Without pictures, return the lines from the one containing "Mar 21, 2025;" through the last line of the data below, exactly.

[Web page caption snippets]
★ ★ ★ ★
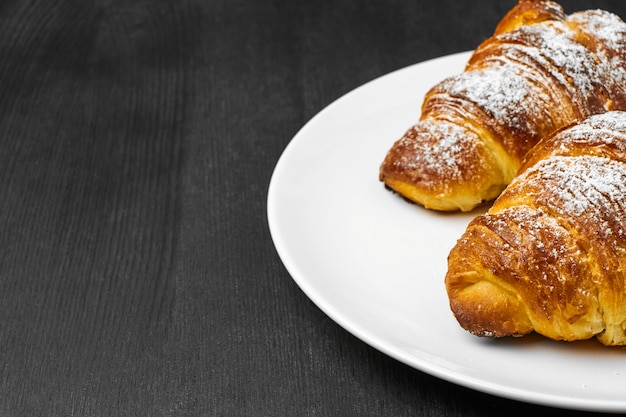 Croissants amanteigados deliciosos em uma placa branca em um fundo preto de madeira com espaço da cópia.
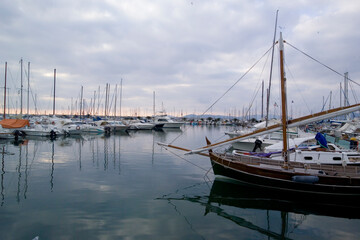 Fototapeta premium fishing boats in the port of Alghero, Boats and fishing nets in the port of Alghero. Sardinia. Italy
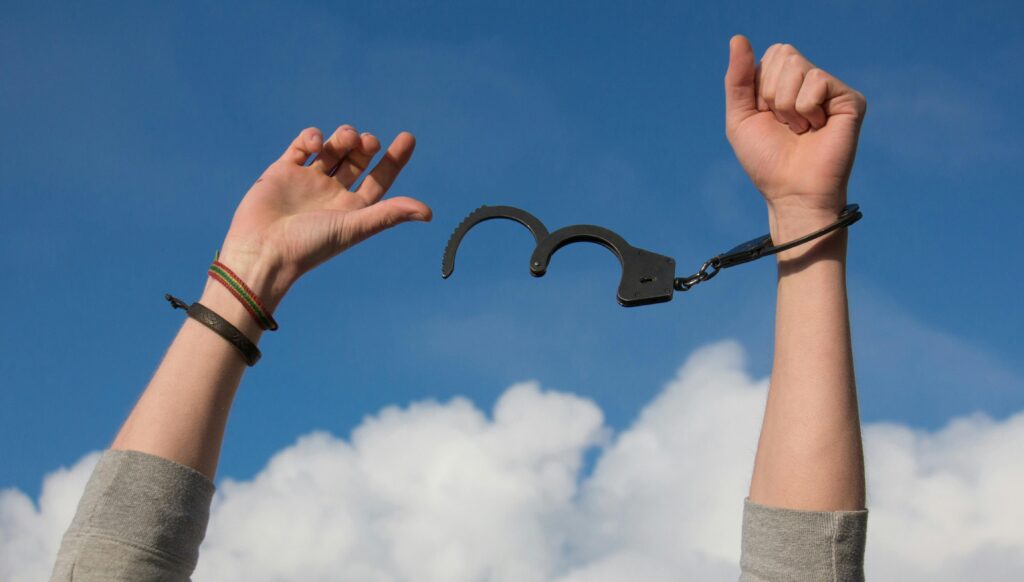 man's hands breaking out of handcuffs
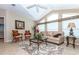 Bright living room features vaulted ceiling, large windows, and comfortable neutral furniture at 6037 Shearwater Dr, Englewood, FL 34224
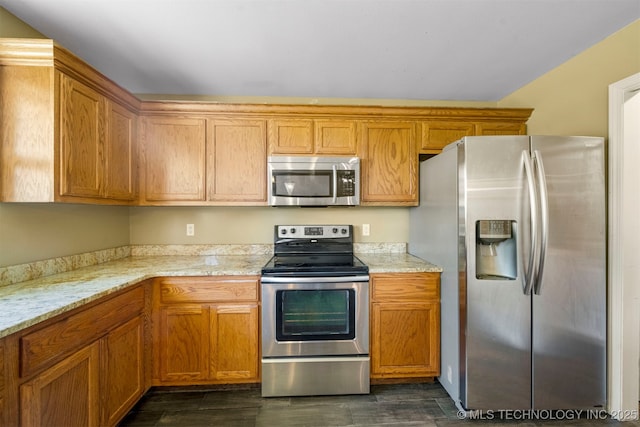 kitchen featuring light stone countertops, appliances with stainless steel finishes, and dark hardwood / wood-style flooring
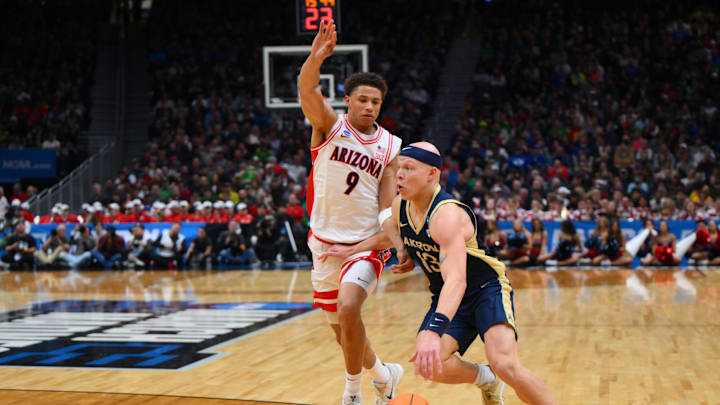 Mar 21, 2025; Seattle, WA, USA; Akron Zips guard Isaiah Gray (13) dribbles the ball past Arizona Wildcats forward Carter Bryant (9) during the second half in the first round of the NCAA Tournament at Climate Pledge Arena. Mandatory Credit: Steven Bisig-Imagn Images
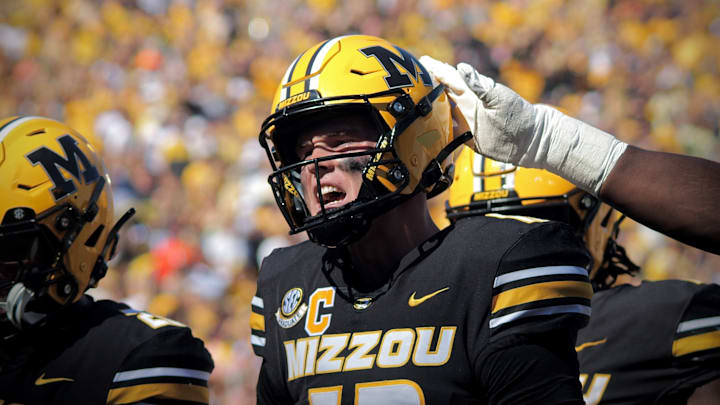 Oct 19, 2024; Columbia, Missouri, USA; Missouri Tigers quarterback Brady Cook (12) celebrates after his team scored a touchdown against the Auburn Tigers at Faurot Field at Memorial Stadium. Oct 19, 2024; Columbia, Missouri, USA; Missouri Tigers quarterback Brady Cook (12) celebrates after his team scored a touchdown against the Auburn Tigers at Faurot Field at Memorial Stadium.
★ ★ ★ ★
TASK RESULT
 Mar 21, 2025; Seattle, WA, USA; Akron Zips guard Isaiah Gray (13) dribbles the ball past Arizona Wildcats forward Carter Bryant (9) during the second half in the first round of the NCAA Tournament at Climate Pledge Arena. Mandatory Credit: Steven Bisig-Imagn Images
 Oct 19, 2024; Columbia, Missouri, USA; Missouri Tigers quarterback Brady Cook (12) celebrates after his team scored a touchdown against the Auburn Tigers at Faurot Field at Memorial Stadium. Oct 19, 2024; Columbia, Missouri, USA; Missouri Tigers quarterback Brady Cook (12) celebrates after his team scored a touchdown against the Auburn Tigers at Faurot Field at Memorial Stadium.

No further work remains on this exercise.